Start of Block

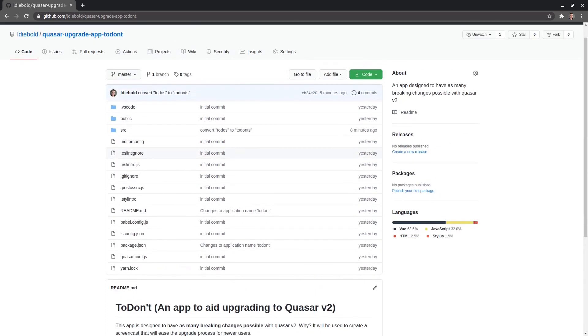The reason there are lots of breaking changes in this app is because I want to come across all of those breaking changes as I upgrade so that you can see what it's like to fix every single one of those breaking changes. So it's going to look like a kind of a weird app but that's why.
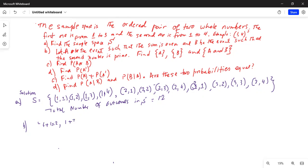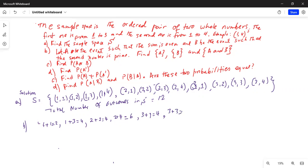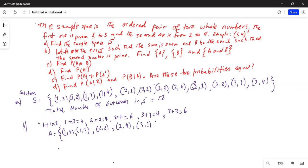Continuing event A: two plus two equals four (even), two plus four equals six (even), three plus one equals four (even), and three plus three equals six (even). So event A consists of: (1,1), (1,3), (2,2), (2,4), (3,1), (3,3). The number of outcomes in A is six.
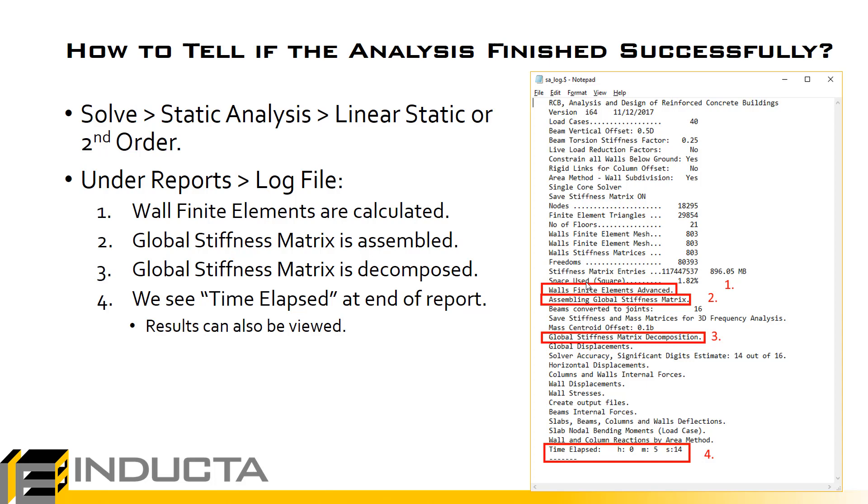So either in that black Fortran window or if we go under Reports > Log File, in more detail what we need to see is a time elapsed at point number 4 and then this dotted line at the bottom. If we see that then the analysis has finished, the analysis is finished and we have results so the analysis is finished without errors.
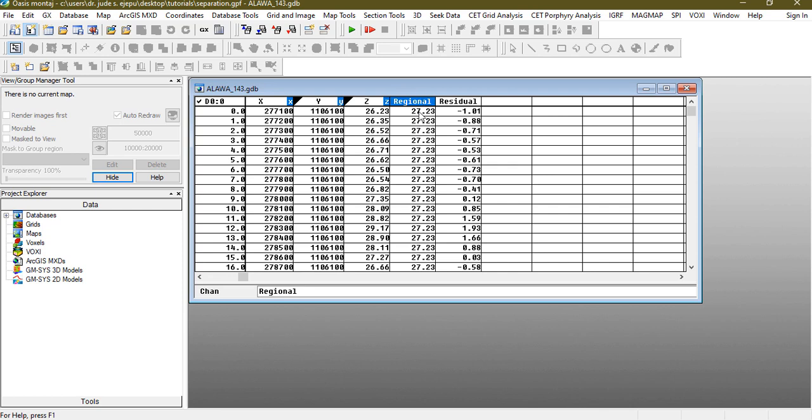What has been done here is that the regional data was subtracted from the original TMI and that's why you're having this residual here. So that is what the regional residual separation is doing, so these are the regional data.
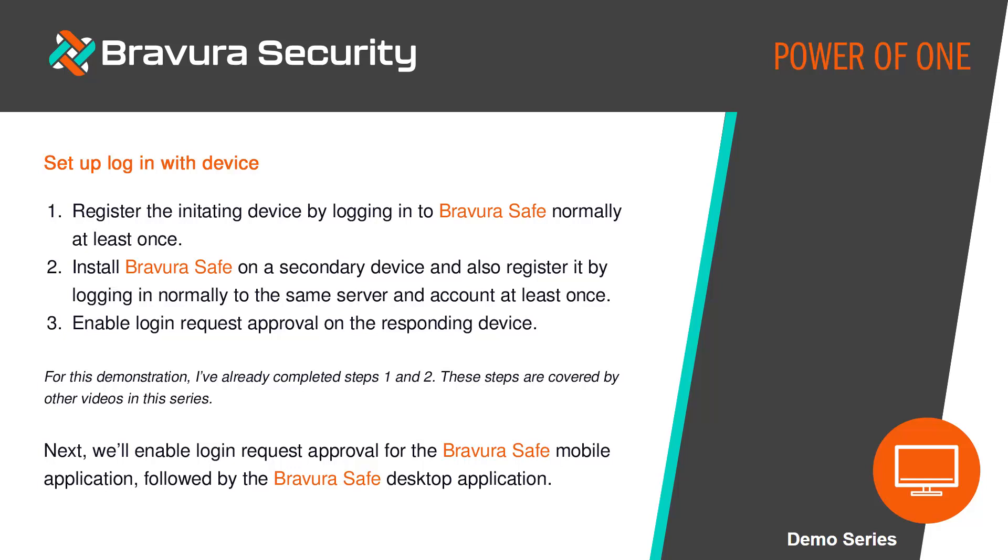Finally, enable login request approval on the desired responding device. For this demonstration, I've already completed steps 1 and 2. These steps are covered by other videos in this series. Next, we'll enable login request approval for the BravuraSafe mobile application followed by the desktop application.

End of Block

Every line between the start of the listing and the line containing "Continuing event A: two", both ends counted, needs to be printed exactly, minus the pictures.

Response to the exercise -
The reason there are lots of breaking changes in this app is because I want to come across all of those breaking changes as I upgrade so that you can see what it's like to fix every single one of those breaking changes. So it's going to look like a kind of a weird app but that's why.
Continuing event A: two plus two equals four (even), two plus four equals six (even), three plus one equals four (even), and three plus three equals six (even). So event A consists of: (1,1), (1,3), (2,2), (2,4), (3,1), (3,3). The number of outcomes in A is six.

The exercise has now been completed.